Task instructions
Transcribe the listing below from its opening line up to and including the line that contains "Sector X in Star Fox on Switch 2"; reproduce nothing else.

Provided information
------------------------------

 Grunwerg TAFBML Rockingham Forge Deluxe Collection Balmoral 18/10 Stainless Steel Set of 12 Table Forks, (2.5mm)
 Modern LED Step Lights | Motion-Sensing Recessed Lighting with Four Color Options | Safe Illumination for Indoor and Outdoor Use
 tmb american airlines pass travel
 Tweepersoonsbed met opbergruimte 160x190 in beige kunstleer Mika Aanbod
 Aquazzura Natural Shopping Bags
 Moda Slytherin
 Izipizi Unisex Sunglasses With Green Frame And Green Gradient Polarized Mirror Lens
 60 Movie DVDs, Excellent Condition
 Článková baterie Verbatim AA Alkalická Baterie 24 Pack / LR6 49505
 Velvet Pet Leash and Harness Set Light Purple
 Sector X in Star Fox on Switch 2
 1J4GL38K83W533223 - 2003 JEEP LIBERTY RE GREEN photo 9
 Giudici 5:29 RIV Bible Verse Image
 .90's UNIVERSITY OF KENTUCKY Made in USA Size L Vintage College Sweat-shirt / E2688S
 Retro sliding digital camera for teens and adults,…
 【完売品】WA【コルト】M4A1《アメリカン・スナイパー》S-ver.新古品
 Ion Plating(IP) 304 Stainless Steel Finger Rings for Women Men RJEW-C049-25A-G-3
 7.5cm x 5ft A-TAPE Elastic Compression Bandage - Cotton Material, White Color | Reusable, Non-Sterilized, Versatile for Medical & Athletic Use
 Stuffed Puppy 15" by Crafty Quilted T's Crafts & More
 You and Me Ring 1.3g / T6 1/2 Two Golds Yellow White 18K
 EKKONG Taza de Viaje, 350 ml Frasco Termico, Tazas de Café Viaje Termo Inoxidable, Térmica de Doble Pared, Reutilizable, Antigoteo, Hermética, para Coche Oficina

------------------------------

Response
 Grunwerg TAFBML Rockingham Forge Deluxe Collection Balmoral 18/10 Stainless Steel Set of 12 Table Forks, (2.5mm)
 Modern LED Step Lights | Motion-Sensing Recessed Lighting with Four Color Options | Safe Illumination for Indoor and Outdoor Use
 tmb american airlines pass travel
 Tweepersoonsbed met opbergruimte 160x190 in beige kunstleer Mika Aanbod
 Aquazzura Natural Shopping Bags
 Moda Slytherin
 Izipizi Unisex Sunglasses With Green Frame And Green Gradient Polarized Mirror Lens
 60 Movie DVDs, Excellent Condition
 Článková baterie Verbatim AA Alkalická Baterie 24 Pack / LR6 49505
 Velvet Pet Leash and Harness Set Light Purple
 Sector X in Star Fox on Switch 2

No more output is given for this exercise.